● EXERCISE PROMPT: Below are entries; output exactly the lines from the one with "Wisteria floribunda" to the one with "Husqvarna Norden 901 - 2024 (63)", both included, and nothing else.

● DATA SECTION:
==========

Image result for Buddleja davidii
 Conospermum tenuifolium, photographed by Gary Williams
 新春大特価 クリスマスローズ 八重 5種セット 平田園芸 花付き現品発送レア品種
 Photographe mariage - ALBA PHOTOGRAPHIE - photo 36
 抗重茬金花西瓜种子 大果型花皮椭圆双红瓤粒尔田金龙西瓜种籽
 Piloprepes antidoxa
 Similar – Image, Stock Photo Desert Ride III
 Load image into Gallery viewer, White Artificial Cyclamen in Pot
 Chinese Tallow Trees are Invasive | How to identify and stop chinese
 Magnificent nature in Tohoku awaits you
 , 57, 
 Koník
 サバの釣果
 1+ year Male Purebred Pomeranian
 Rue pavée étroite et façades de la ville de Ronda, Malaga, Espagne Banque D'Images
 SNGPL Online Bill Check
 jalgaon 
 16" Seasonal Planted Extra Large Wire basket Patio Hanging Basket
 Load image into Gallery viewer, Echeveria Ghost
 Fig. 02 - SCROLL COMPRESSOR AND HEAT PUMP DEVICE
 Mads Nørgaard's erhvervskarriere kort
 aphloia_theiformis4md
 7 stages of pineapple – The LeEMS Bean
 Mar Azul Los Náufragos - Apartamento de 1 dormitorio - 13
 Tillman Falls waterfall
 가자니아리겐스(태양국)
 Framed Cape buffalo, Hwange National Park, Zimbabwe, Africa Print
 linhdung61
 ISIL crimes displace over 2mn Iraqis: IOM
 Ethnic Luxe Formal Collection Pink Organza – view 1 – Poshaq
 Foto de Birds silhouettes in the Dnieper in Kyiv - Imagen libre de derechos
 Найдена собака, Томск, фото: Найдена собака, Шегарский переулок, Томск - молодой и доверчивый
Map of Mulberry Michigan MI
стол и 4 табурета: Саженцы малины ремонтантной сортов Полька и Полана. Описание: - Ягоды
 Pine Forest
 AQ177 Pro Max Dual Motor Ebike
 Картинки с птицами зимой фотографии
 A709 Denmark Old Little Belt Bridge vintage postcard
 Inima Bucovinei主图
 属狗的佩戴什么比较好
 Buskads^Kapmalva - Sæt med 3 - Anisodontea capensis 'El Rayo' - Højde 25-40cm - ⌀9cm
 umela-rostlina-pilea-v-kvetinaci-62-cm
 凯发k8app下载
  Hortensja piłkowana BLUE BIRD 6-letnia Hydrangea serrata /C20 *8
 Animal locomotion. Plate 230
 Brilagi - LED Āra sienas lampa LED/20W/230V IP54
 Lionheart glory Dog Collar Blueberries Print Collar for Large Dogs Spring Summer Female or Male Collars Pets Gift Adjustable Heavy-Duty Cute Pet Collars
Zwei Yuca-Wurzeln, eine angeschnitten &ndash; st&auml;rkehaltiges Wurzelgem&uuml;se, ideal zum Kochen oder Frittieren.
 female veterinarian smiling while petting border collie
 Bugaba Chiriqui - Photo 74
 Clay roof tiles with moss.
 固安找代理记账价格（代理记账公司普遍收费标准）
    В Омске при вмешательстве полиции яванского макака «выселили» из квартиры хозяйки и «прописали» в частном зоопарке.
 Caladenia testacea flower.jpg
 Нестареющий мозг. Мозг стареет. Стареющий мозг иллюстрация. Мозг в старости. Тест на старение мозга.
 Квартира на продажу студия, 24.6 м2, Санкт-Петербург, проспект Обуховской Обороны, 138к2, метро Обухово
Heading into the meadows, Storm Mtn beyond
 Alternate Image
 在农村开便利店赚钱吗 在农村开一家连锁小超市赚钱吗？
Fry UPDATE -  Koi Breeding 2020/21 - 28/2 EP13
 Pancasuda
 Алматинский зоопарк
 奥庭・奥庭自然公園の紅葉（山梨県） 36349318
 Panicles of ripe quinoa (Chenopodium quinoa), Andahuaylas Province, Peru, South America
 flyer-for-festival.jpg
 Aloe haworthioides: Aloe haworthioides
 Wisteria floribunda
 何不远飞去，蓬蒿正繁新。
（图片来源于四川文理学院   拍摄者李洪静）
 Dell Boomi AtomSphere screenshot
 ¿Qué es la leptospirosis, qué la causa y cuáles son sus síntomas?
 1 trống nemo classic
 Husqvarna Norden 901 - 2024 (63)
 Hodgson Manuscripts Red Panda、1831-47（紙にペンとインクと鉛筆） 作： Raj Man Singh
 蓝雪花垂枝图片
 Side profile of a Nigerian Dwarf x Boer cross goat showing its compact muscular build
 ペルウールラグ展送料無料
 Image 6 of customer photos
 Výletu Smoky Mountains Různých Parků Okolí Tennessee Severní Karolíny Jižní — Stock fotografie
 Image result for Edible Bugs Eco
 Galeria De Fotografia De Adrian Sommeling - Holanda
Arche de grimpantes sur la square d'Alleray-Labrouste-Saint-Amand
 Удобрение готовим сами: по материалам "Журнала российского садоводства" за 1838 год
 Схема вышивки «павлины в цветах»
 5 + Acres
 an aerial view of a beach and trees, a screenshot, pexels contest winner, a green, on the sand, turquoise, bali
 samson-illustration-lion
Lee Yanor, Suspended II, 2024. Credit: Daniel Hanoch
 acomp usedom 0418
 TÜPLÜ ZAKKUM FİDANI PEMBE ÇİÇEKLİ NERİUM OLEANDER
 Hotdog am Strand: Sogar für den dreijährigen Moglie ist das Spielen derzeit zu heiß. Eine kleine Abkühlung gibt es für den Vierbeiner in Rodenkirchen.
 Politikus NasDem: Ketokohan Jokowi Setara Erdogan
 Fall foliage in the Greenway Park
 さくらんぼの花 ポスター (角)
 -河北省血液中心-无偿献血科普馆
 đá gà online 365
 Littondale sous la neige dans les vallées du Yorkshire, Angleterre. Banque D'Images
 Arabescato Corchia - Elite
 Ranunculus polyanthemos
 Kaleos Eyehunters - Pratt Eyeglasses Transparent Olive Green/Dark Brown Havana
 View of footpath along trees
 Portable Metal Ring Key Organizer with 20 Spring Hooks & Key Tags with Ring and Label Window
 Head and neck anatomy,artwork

==========

● RESULT FOR THIS EXERCISE:
 Wisteria floribunda
 何不远飞去，蓬蒿正繁新。
（图片来源于四川文理学院   拍摄者李洪静）
 Dell Boomi AtomSphere screenshot
 ¿Qué es la leptospirosis, qué la causa y cuáles son sus síntomas?
 1 trống nemo classic
 Husqvarna Norden 901 - 2024 (63)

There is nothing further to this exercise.